▶ Task statement:
Output must consist only of the lines of the material below from the one with "Portrait Indian little" through the one with "The US Capitol Building illuminated at dusk.", each reproduced exactly; no pictures belong in it.

▶ Records for the task:
- - -

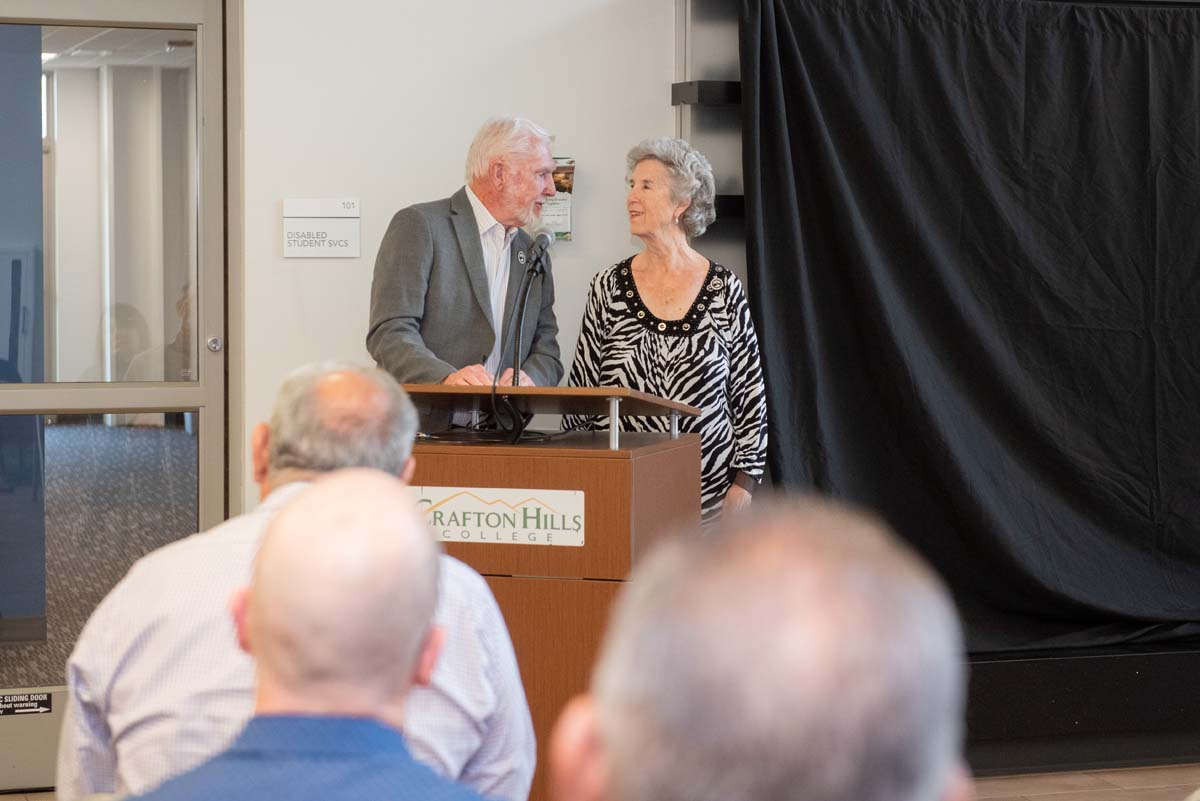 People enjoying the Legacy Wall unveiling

- - -

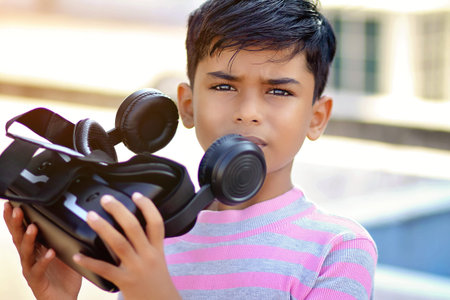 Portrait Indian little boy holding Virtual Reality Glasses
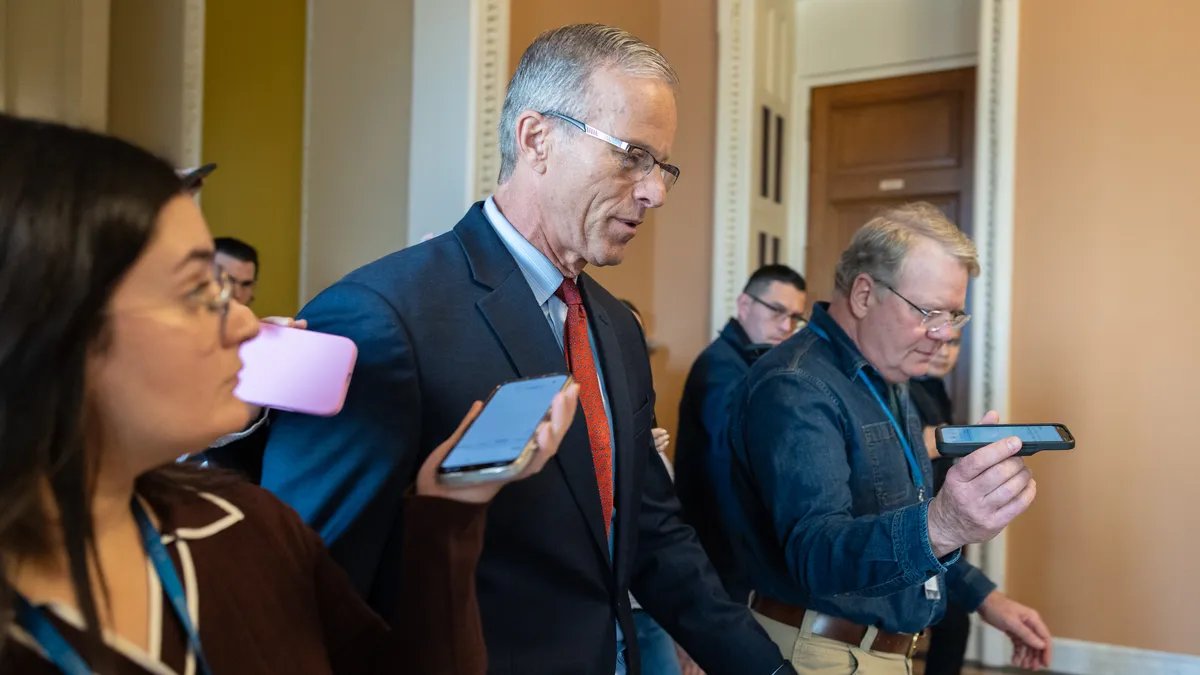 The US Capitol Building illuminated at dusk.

- - -

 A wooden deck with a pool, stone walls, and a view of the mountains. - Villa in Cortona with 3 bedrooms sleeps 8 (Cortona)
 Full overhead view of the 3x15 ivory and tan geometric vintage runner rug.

- - -

▶ Task response:
 Portrait Indian little boy holding Virtual Reality Glasses
 The US Capitol Building illuminated at dusk.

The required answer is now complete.